If the situation was cordial and I appreciated the person talking, I picked the lines that came across as friendly. If I was mad, I picked the lines that came across as angry/hostile. The words used were actually not relevant beyond helping me determine the nature of my response. I was always bound by the restriction of saying what the game designers allowed me to say, and bound by any inferred sarcasm that they implicitly put into the line.
Speaking personally, what I like about the dialogue wheel is that I actually watch my character speak and say and do stuff. Obviously this doesn't work as well if a player wishes much stronger control over the specifics of the response, but that I can actually enjoy seeing the responses play out. With a full line of dialogue, I find I get stuff like this less often, and I do enjoy that sort of stuff. I like watching the scene play out, which is also something that I do less of with full written responses.

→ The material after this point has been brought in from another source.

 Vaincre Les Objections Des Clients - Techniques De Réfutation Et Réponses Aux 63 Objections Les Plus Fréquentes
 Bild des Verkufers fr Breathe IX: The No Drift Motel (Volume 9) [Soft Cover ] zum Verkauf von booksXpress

In fact, for games like Alpha Protocol (which was even more condensed than anything BioWare has done, but is probably my personal favourite conversation system in any game) and Mass Effect, I often don't even play with subtitles on because I prefer to watch the scene play out.

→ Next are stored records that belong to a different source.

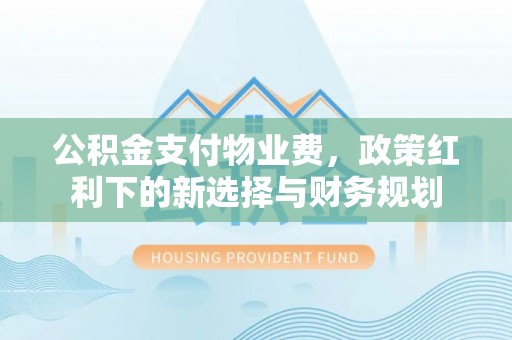 威信公积金支付物业费，政策红利下的新选择与财务规划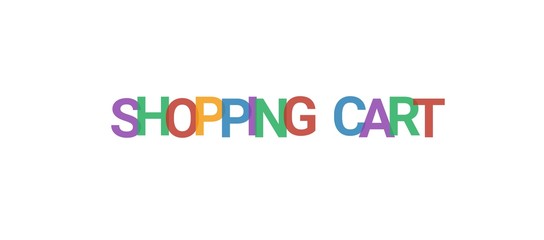 Shopping Cart word concept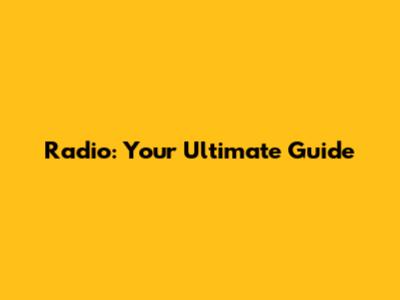 Radio: Your Ultimate Guide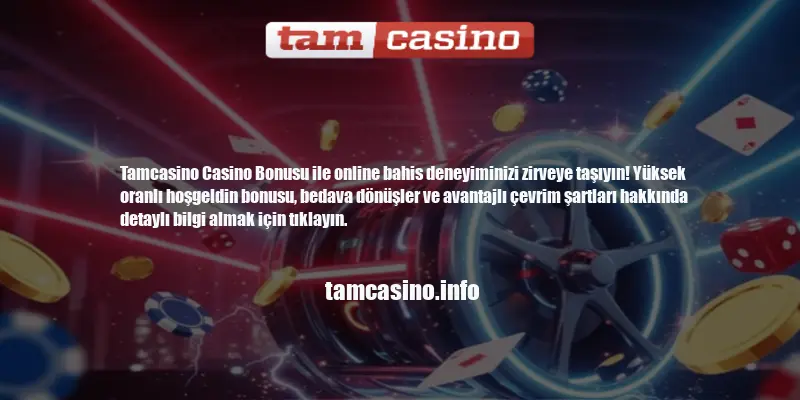 Tamcasino Casino Bonusu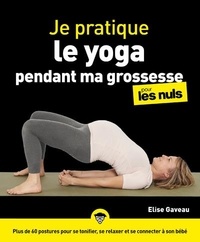 Elise Gaveau - Je pratique le yoga pendant ma grossesse pour les Nuls.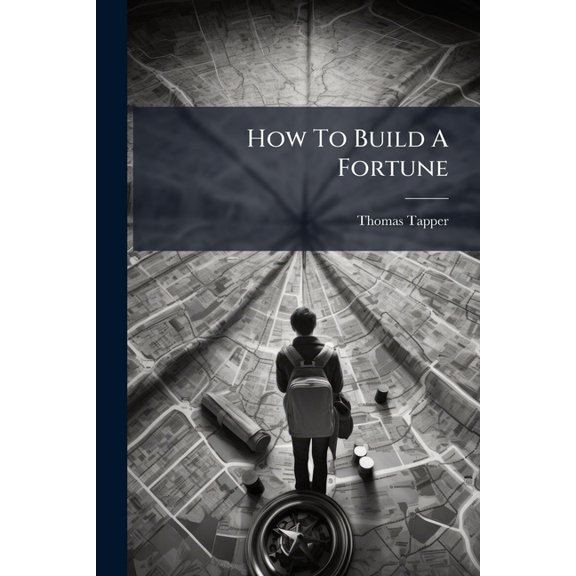 How To Build A Fortune (Paperback)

I feel the main reason I prefer this is because I go into a PC game with the understanding that the conversations will innately not be able to precisely represent my character. I think it may also be because many of the earlier RPGs I played, like the Ultima games, were based exclusively on key words so I had already had no reservations having no control over the precise words I used, but I could from time to time pick keywords that displayed a particular intent.

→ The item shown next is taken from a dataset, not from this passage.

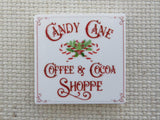 First view of Candy Cane Coffee & Cocoa Shoppe Needle Minder.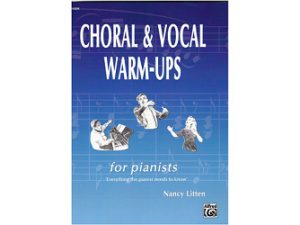 Choral & Vocal Warm-Ups for Pianists - Nancy Litten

Having said that, I do understand your perspective. I imagine the amount of control we're willing to give up differs quite a bit, just as I feel the amount of control we feel we're ever actually provided probably doesn't line up. I'm not sure if the positions are reconcilable, however. Sometimes the lines the player character can speak get very, very long (an advantage our current system provides). They also sometimes, structurally, get spread out over several lines which provides some additional challenges to simply showing the full line than simply clicking a button that says "show full line."
In general I see pros and cons to either, and in both cases neither is really a significant enough yay or nay over the other. If you were to force me to choose, however, I do like the dialogue wheel system more than full lines of dialogue. I base this more on games I played not as a developer, so I'm omitting DA2 and DAI from this consideration, but included Alpha Protocol and the Mass Effect games, as well as Human Revolution and so forth.